El capitán del Liverpool debería haber despejado fácilmente el centro de Marcos Senesi, pero recibió el castigo cuando Alex Scott envió el balón por encima del arco para que Evanilson anotara su quinto gol de la temporada. Para colmo, el error provocó la lesión de Joe Gómez.

Fue un duro golpe para Gómez, quien estuvo excelente en Marsella a mitad de semana y volvió a ser titular ante la ausencia de Ibrahima Konate. Que el Liverpool esté considerando la posibilidad de la salida de Andy Robertson es asombroso, dada su escasez de opciones.
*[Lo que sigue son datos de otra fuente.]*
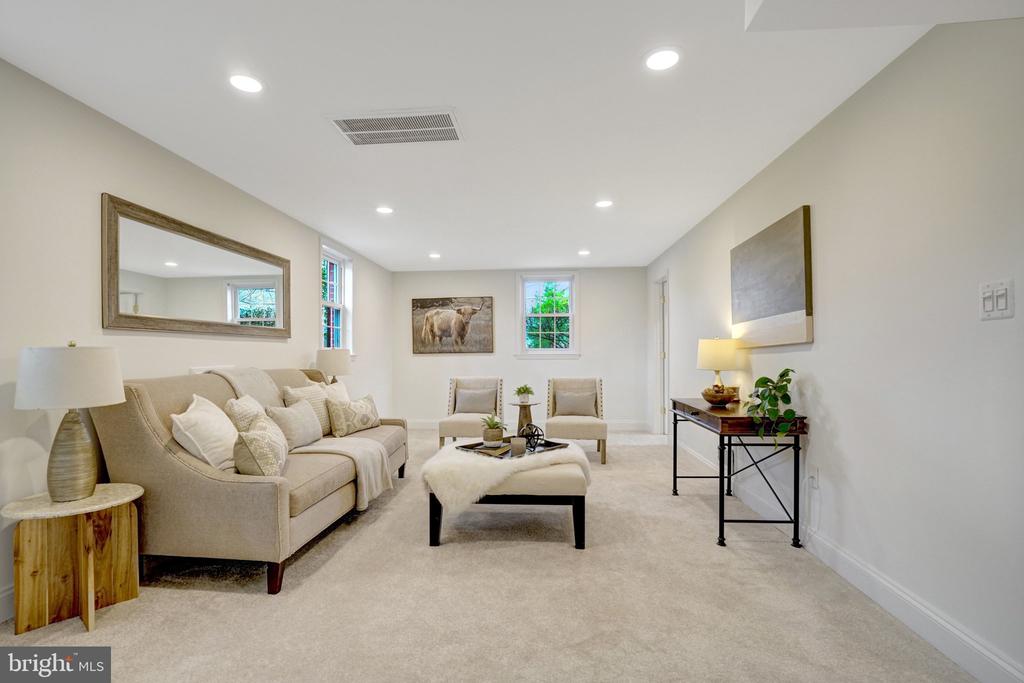 1012 CROTON DRIVE
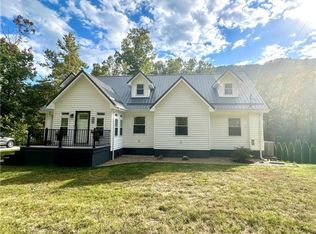 1866 Pond Fork Rd, Madison, WV 25130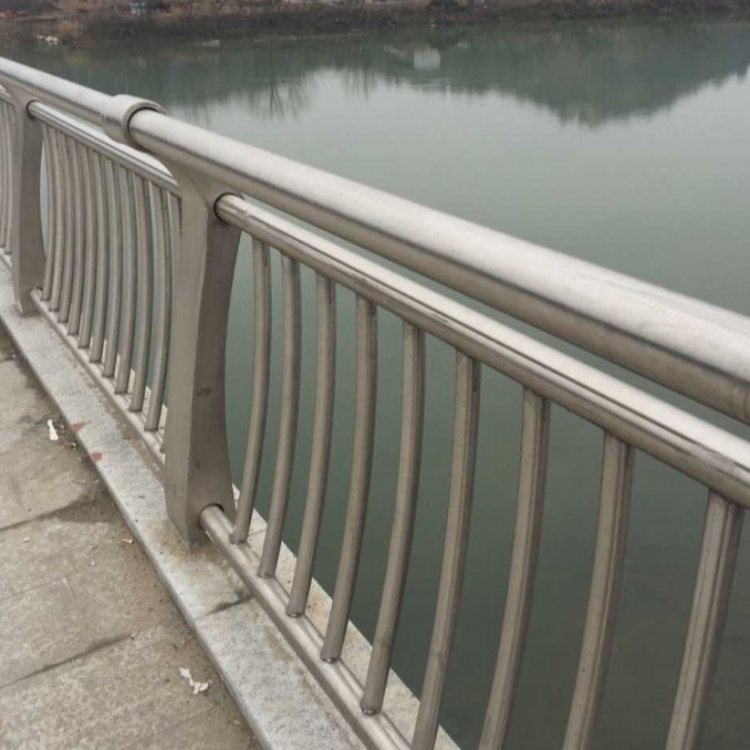 橋梁護欄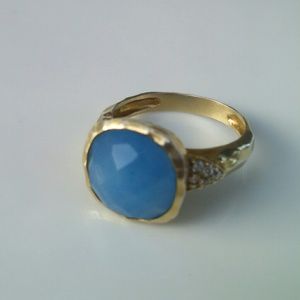 Gold Ring w cushion faceted chalcedony diamond acc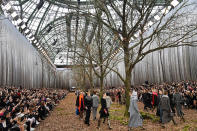 <p><span>Pero no es la primera vez que Chanel juega con el escenario. Su director creativo, el diseñador alemán Karl Lagerfeld, sorprendió en marzo de 2018, con su colección otoño-invierno para ese año. Convirtió nuevamente el Grand Palais en un bosque que, según el propio diseñador, le recuerda a su tierra natal, detalló <a rel="nofollow noopener" href="https://www.vogue.co.uk/shows/autumn-winter-2018-ready-to-wear/chanel" target="_blank" data-ylk="slk:Vogue;elm:context_link;itc:0;sec:content-canvas" class="link "><em>Vogue</em></a> Reino Unido.</span> </p>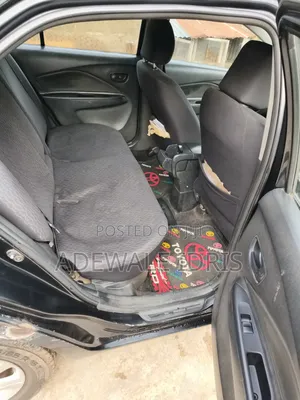 Toyota Yaris 2009 Black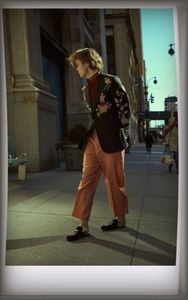 ˓2̣7̣ᵗʰ ტ.˒ Charlie Heaton fashionably walking down the Laugavegur street.
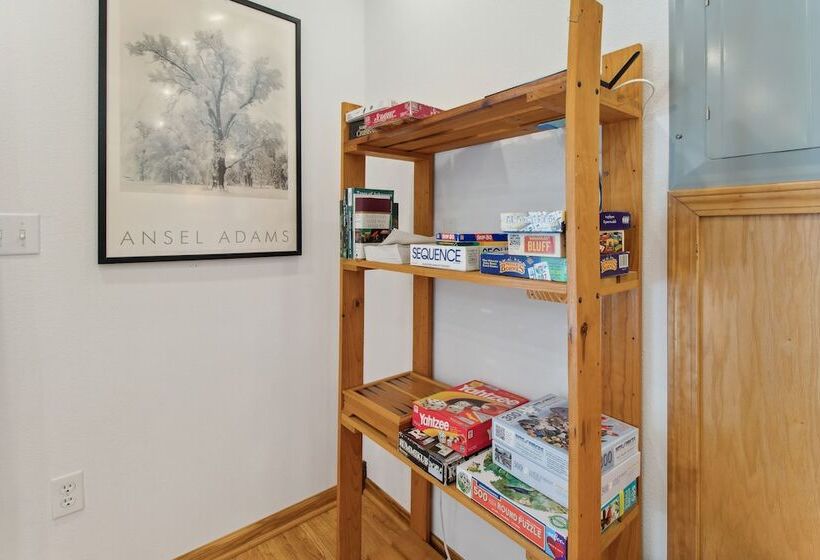 Serene Yellville Retreat W/ Hot Tub On 85 Acres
Al cumplirse la hora de juego, tres de los cuatro defensores del Liverpool que comenzaron el juego estaban fuera cuando Slot retiró a Milos Kerkez en el medio tiempo para que entraran Andy Robertson y Jeremie Frimpong, con Dominik Szoboszlai entrando en el lateral derecho.

Szoboszlai, que ha sido el jugador de la temporada del Liverpool hasta el momento, tuvo otro momento de clase para empatar el marcador, y podría haber sido una historia muy diferente si Petrovic no hubiera hecho una parada maravillosa para negarle el gol a Florian Wirtz.

Pero el Liverpool fue un desastre cuando intentó responder a un saque largo y finalmente fue castigado por un equipo del Bournemouth que merece todo el crédito por su desempeño.